[Records from a data source]
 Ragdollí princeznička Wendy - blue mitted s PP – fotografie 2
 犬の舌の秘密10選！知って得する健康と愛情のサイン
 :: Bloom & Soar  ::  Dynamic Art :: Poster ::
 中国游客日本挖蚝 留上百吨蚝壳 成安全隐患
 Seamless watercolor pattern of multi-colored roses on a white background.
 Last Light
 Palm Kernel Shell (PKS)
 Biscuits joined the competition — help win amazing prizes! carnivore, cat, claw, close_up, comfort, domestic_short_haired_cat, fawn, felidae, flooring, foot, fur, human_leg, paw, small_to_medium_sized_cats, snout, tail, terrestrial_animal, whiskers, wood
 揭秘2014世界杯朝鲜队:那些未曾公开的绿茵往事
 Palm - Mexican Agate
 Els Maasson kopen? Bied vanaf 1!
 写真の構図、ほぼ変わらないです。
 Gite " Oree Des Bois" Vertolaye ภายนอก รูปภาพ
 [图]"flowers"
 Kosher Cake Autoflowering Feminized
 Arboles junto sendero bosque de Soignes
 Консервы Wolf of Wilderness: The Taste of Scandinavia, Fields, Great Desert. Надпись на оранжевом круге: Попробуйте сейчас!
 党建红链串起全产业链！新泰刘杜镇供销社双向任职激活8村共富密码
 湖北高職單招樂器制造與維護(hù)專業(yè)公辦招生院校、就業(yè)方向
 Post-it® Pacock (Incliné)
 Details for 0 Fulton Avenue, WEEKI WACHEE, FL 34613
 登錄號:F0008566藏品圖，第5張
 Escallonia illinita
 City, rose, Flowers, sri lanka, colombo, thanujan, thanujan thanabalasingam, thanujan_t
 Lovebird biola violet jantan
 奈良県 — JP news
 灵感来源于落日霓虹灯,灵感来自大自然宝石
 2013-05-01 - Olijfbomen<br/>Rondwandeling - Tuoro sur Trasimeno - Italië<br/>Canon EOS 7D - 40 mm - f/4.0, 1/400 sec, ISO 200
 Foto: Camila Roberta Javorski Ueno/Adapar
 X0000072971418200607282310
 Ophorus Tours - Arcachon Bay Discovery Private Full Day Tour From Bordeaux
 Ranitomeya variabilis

- _Exercise_: Answer with a single number, the count of lines in the data that contain "Palm".

- _Reply to the exercise_: 2